Ennis highlights the Japanese occupation of parts of China which, between 1931 and 1945, saw the deaths of 15 million Chinese at the hands of the Japanese forces and some of the worst crimes against humanity in history. It’s a sobering premise that gloomily hangs over the comic. 

This is a classic Ennis book: WW2-themed, street-level protagonist, revenge-heavy, righteous plot, and extremely violent. The Shadow is in some ways an earlier version of The Punisher, a character Ennis excelled at writing. I also really enjoyed his WW2 comics, War Stories and Battlefields. 

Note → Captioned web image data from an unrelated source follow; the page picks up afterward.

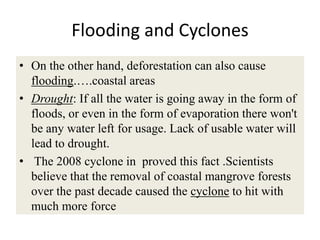 Flooding and Cyclones
• On the other hand, deforestation can also cause
  flooding.….coastal areas
• Drought: If all the water is going away in the form of
  floods, or even in the form of evaporation there won't
  be any water left for usage. Lack of usable water will
  lead to drought.
• The 2008 cyclone in proved this fact .Scientists
  believe that the removal of coastal mangrove forests
  over the past decade caused the cyclone to hit with
  much more force
 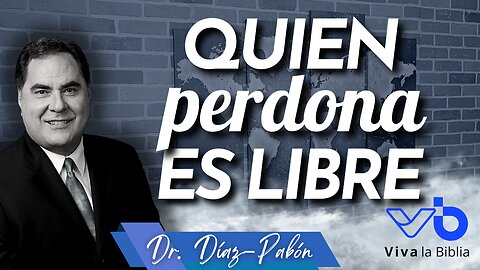 Quien perdona es libre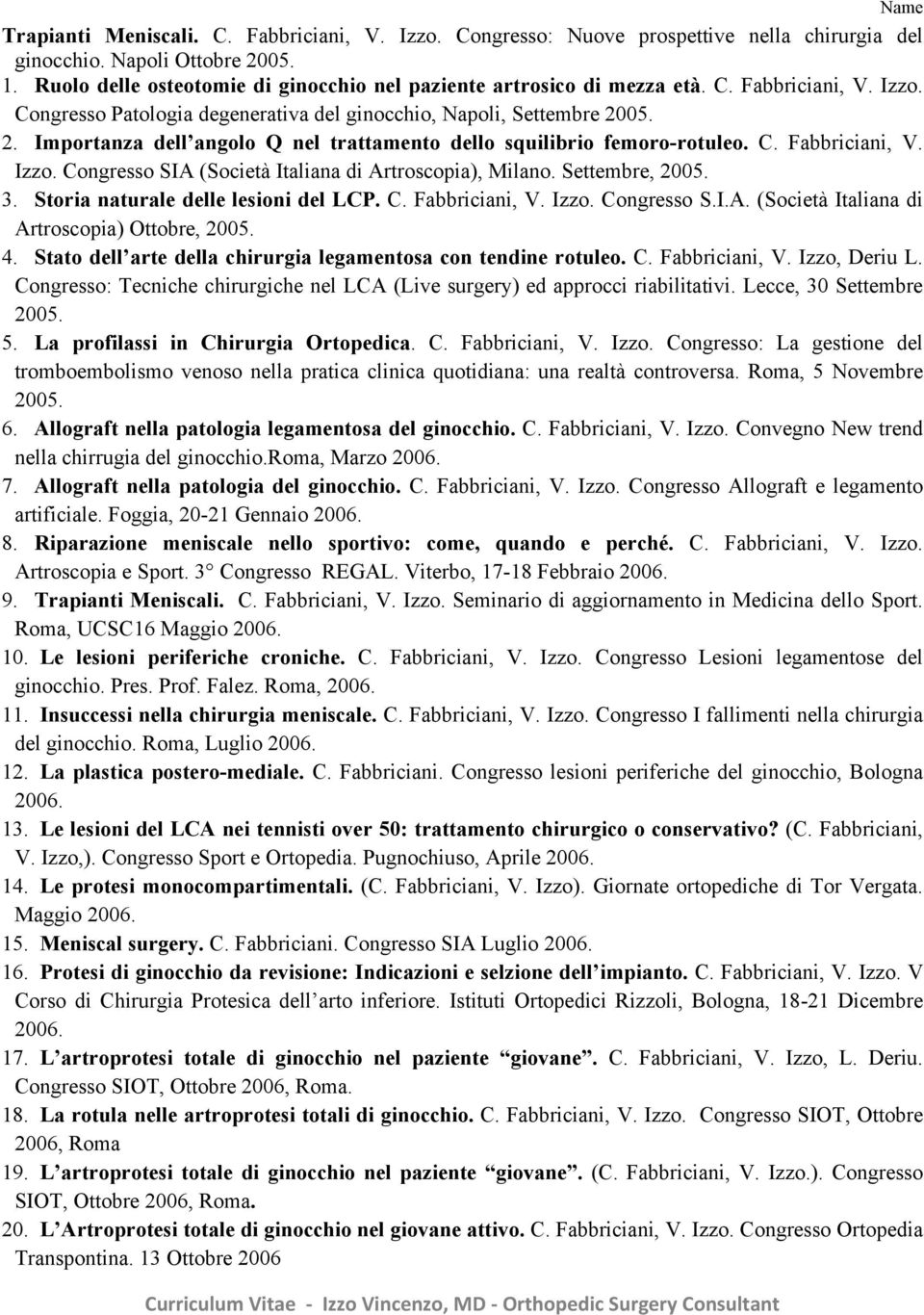 05. 2. Importanza dell angolo Q nel trattamento dello squilibrio femoro-rotuleo. C. Fabbriciani, V. Izzo. Congresso SIA (Società Italiana di Artroscopia), Milano. Settembre, 2005. 3.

So why doesn’t The Shadow thrill in the same way as an Ennis-written Frank Castle comic does? It has partly to do with The Shadow having superpowers. Frank has an arsenal of weapons but he’s still just a man, so he has to use ingenuity when faced with overwhelming odds. Shadow uses his teleportation/mind control/death’s stuff(?) powers to get the upper hand and then shoots everyone with his guns. It’s less exciting when things are made easier for the hero.

The plot itself is fairly straightforward: Shadow and co. are chasing the bad guys into China to kill them and take whatever valuables they’re going to use to gain the upper hand once WW2 kicks off. But Ennis really overwrites the story. Every character has paragraphs and paragraphs to say on every page and it doesn’t add up to much - the plot remains the same, there’s just a lot of blather to wade through before things happen. And, actually, the plot is never that interesting to begin with. 

But then neither are any of the characters. Besides not really knowing what The Shadow can do, I didn’t come away thinking he was particularly special. In some ways it’s interesting because this character appeared nearly a decade before Batman and it’s clear Bill Finger was influenced heavily by Lamont Cranston in creating Bruce Wayne. But Batman/Bruce Wayne is a much more interesting character than The Shadow in every way and that doesn’t change even with a writer as brilliant as Garth Ennis in the driving seat. 

Aaron Campbell’s art is fine and appropriately realistic - like a lot of Ennis’ real-world comics, a lot of research effort has gone into making everything look genuine. 

I usually like Garth Ennis’ work but The Shadow fell totally flat for me. This is one undead Golden Age character who should probably die.